Still nowhere to be seen. Sorry for those of you who love the predictability of the routine grammar problem, but here is the next step. At the end of each thematic chapter of our beloved TLC book is a grammar section.
The fun part of these sections is that they provide some instruction (Yipee!), they give some basic practice (yay.), and then they provide some practice examining how using these grammatical forms creates effect in text (Whoo hoo!!)
We will talk about this on Tuesday, but if you wish to get a jump on things and took your book home (never let it leave your side!), begin the exercises for the appositive in the Grammar and Rhetorical Style section beginning on page 167. (See the topics for all the grammar sections in the table of contents if you so desire). They will be due early next week. Probably Monday.

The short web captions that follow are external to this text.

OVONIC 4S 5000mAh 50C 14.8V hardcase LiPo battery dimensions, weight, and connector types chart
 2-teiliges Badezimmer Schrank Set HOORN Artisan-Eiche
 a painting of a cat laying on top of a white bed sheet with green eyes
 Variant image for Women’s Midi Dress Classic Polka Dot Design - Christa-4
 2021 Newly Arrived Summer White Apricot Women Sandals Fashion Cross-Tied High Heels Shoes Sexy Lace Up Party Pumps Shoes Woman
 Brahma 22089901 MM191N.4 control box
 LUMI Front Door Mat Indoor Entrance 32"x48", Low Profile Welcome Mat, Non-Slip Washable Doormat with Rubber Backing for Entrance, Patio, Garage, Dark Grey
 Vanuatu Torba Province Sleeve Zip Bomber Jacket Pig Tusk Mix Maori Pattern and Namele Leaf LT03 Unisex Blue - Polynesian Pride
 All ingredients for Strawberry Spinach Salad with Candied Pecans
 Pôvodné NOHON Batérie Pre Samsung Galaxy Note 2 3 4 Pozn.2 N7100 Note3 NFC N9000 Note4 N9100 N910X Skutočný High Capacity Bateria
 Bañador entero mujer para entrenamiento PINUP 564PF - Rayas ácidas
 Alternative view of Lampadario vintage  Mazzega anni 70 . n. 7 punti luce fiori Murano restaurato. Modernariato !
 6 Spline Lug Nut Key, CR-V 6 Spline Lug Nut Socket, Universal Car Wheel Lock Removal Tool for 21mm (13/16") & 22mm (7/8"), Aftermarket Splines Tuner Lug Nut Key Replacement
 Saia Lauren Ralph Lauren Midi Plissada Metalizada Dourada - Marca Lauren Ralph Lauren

I'll tweet when final grades are posted to Grade Checker later today.

(Wherefore actually means "why" not "where". Most people use it incorrectly via a misunderstanding of Juliet's line in Romeo and Juliet. Crassly, I leveraged the misuse simply because I liked the way it sounded. Sorry.)

Friday, January 20, 2012

Notes on the final

Putting the finishing touches on a snow triceratops
Well, losing a week right before finals isn't quite optimal, however nice it was to have an impromptu vacation. Though being in charge of a bored 4 year old was hardly conducive to getting a lot done, I did write the final and you're likely curious what is on it. I don't think it contains any evil surprises, but if you are inclined to study, here is some guidance.
  • Toulmin structure
  • Aristotle's manner of analyzing text
  • Rogerian arguments (i.e. Whiskey Speech)
  • Read a short text and identify such things as underlying assumptions, appeals, arrangement, tone, etc.
  • Identify a text that best exemplifies a particular rhetorical device.
  • Create an argument of your own in response to a provided assertion.

Friday, January 13, 2012

Once More to the Lake...again

This little essay doesn't come out and make any clear claims (try and find the thesis...right), but it does contain several implied claims. Identify one of those claims and blog about it. Here is it is in more specific language:

  • What is the claim and how is it supported?
  • Defend, challenge, or qualify that claim noting the complexity of the issue and acknowledging any possible objections to your point of view 
So in sum, explain the assertion, provide support for your position, and address the counterargument. Responses should be 250-350 words (i.e. don't go crazy and write a paper, but you'll need a little bit of space to do the job well). And by the way, in the future we will do similar assignments. When we do, I'll call it an assertion journal.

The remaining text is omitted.